Authorities say they have notified the family of a missing Everett man after a body was found in a black Jeep recovered late Friday off a logging road in a remote area of Linn County, Ore. Police say they are waiting to confirm if the body belongs to a man whose wife was slain in the couple's Washington home on Sept. 28.

Reports are that the vehicle is owned by David Jones Pedersen who is affectionately known to family and friends as Red. Pederson has been missing since September, the same month his wife Leslie Pedersen was found stabbed to death in their Everett  home.

Everett Police Sgt. Robert Goetz told The Seattle Times that officials are waiting for the results of an autopsy and positive identification before they determine whether the body belongs to David Jones Pederson. An autopsy is tentatively scheduled for Monday and it should shed light on how the man died, authorities said on Saturday.

Police arrested David Joseph Pedersen, 31, the missing man's son, in Yuba City on Wednesday in connection with his stepmother's killing. His 24-year-old girlfriend Holly Grigsby has also been implicated in what an Oregon county sheriff's captain has said is vicious, vile reign of terror, according to The Associated Press.
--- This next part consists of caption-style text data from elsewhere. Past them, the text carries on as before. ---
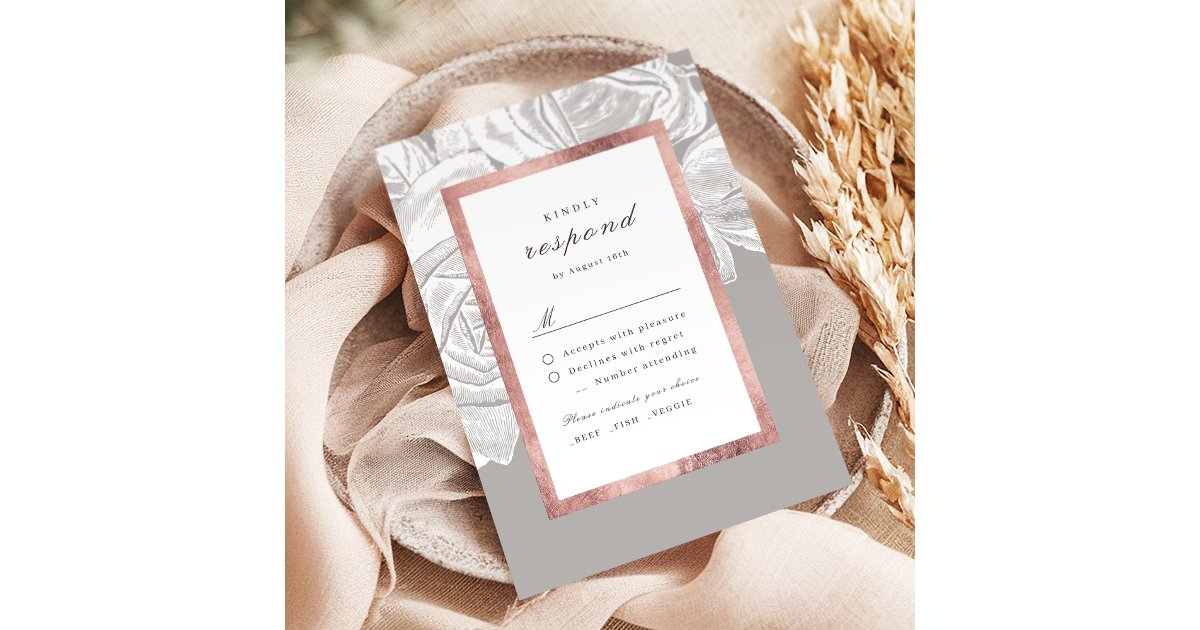 Luxe rose gold vintage botanical floral wedding RSVP card | Zazzle
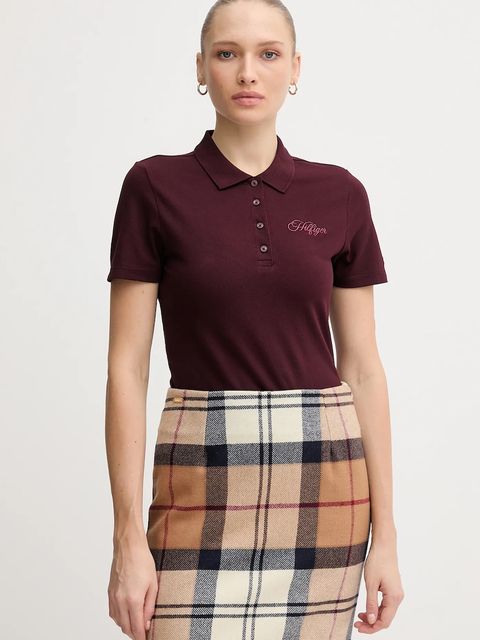 Tommy Hilfiger polo damski kolor bordowy WW0WW47312 - zdjęcie produktu nr 1
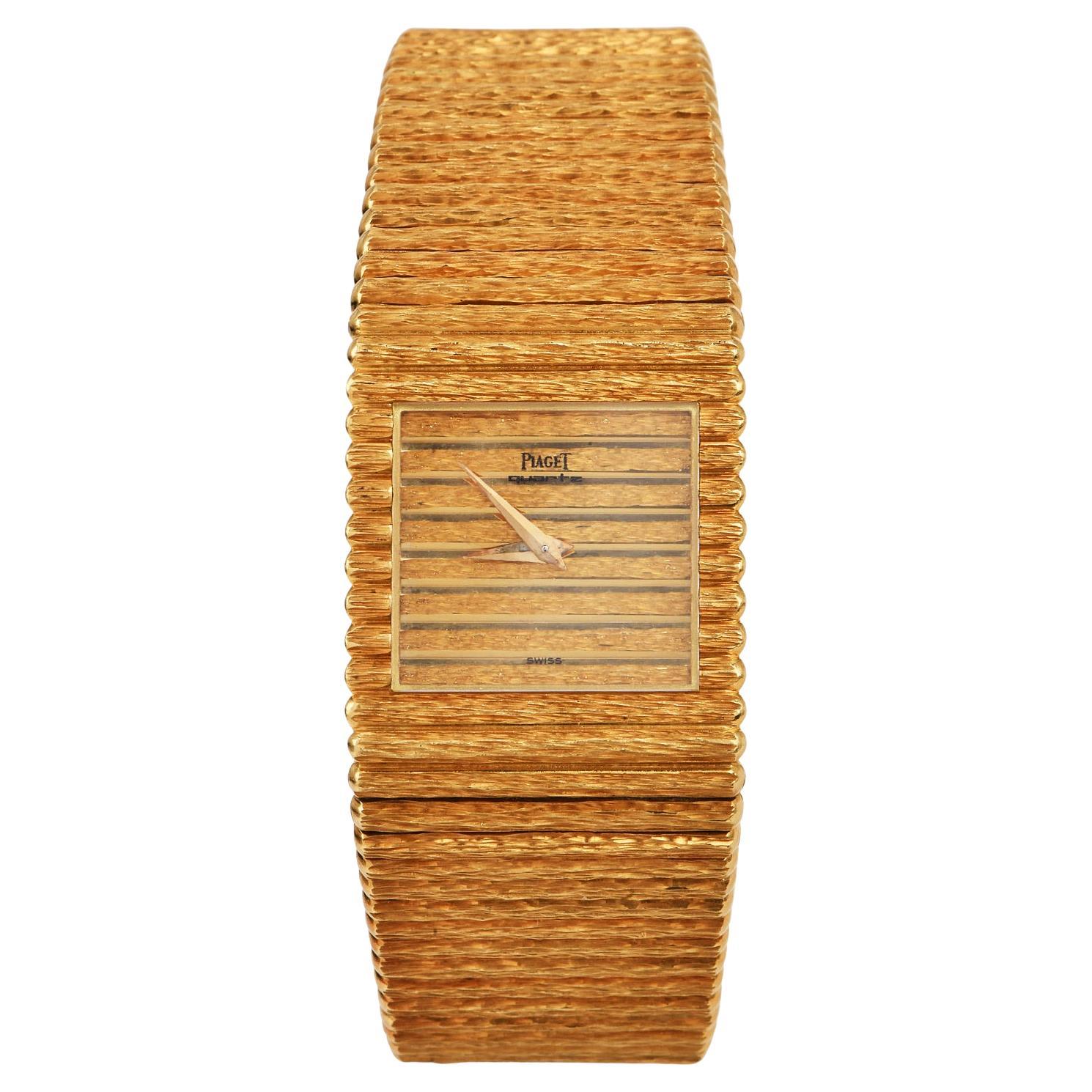 1980er Piaget Polo 18K Gelbgold Texturierte Uhr Ref 7131 C516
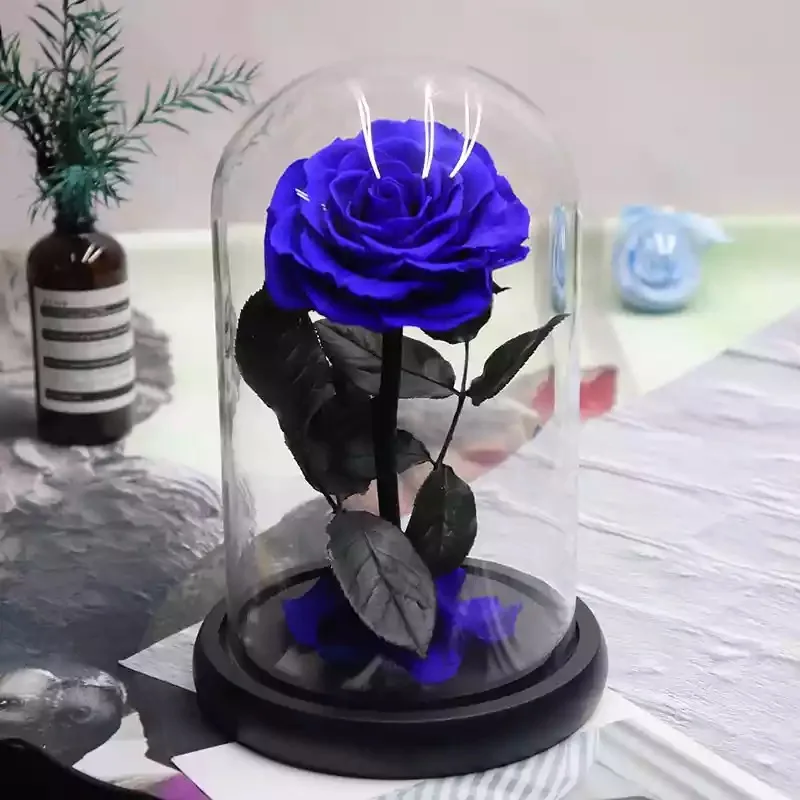 Blue 11 цветов, Красавица и чудовище, красная Праздничная Роза в стеклянном куполе, свежие цветы на День святого Валентина, подарок на Рождество - Цвет: Blue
The Seattle Times also reported that the son has also been arrested in connection with the death of a 19-year-old Oregon man, as authorities found him and his girlfriend driving the 19-year-old's car when they were stopped by California police. Pedersen has reportedly served more than 13 years in prison for robbery and assaulting a police officer, according to The Seattle Times. They both are still in custody in California on weapons and auto-theft charges. They haven't been charged in the Oregon and Washington killings.

That report also stated that three firearms were found in the car that belonged to Cody Myers. Myers was last seen leaving his Willamette Valley home to go to a jazz festival on the Oregon Coast the same weekend Leslie Pederson was found dead.
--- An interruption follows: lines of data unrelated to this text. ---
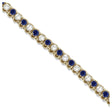 Round Lab Blue Sapphire & Lab Diamond Tennis Bracelet 14k Yellow Gold (4.75ct)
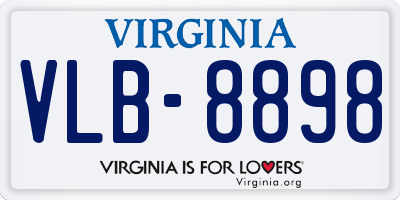 VA license plate VLB8898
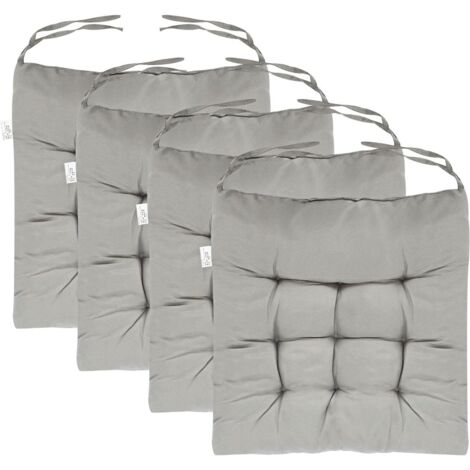 Trintion 4er Set Sitzkissen mit Bindebändern Bequeme 40x40 cm Stuhlauflage Gartenstuhl, Esszimmerstuhl & Balkonmöbel Atmungsaktive Polster Indoor/Outdoor (1/5)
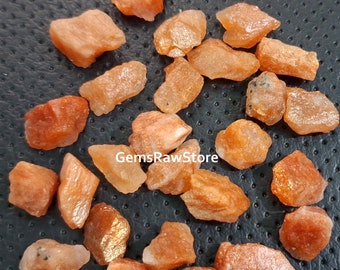 Raw Orange Sunstone: 5 Unpolished Gemstones (18-22 MM)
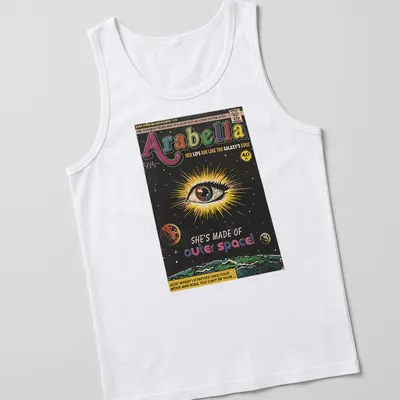 Illustration of a cosmic eye with text about Arabella and outer space in vibrant comic book style. — printed on a tank top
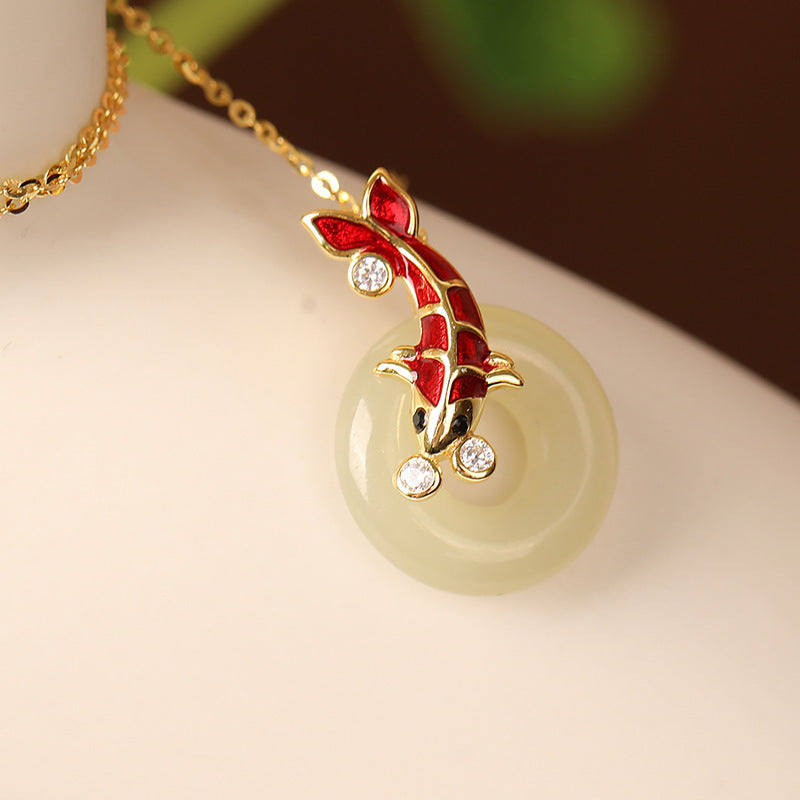 Koi Hetian Jade Peace Buckle Necklace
It was tip that led search-amd rescue workers to the remote forested mountains southeast of Salem, Ore. where they found the Jeep resting at the bottom of a steep embankment beneath the logging road. It was near a campground in the Cascade Range that's open only in the summer, according to The AP, which also said the difficult terrain caused rescue workers to struggle to recover the body.

It took some time to come up with a plan to bring the vehicle up to a place where investigators could safely see inside, Everett Police Sgt. Robert Goetz told The AP. Police are still unsure if the body was injured before the Jeep went over the embankment.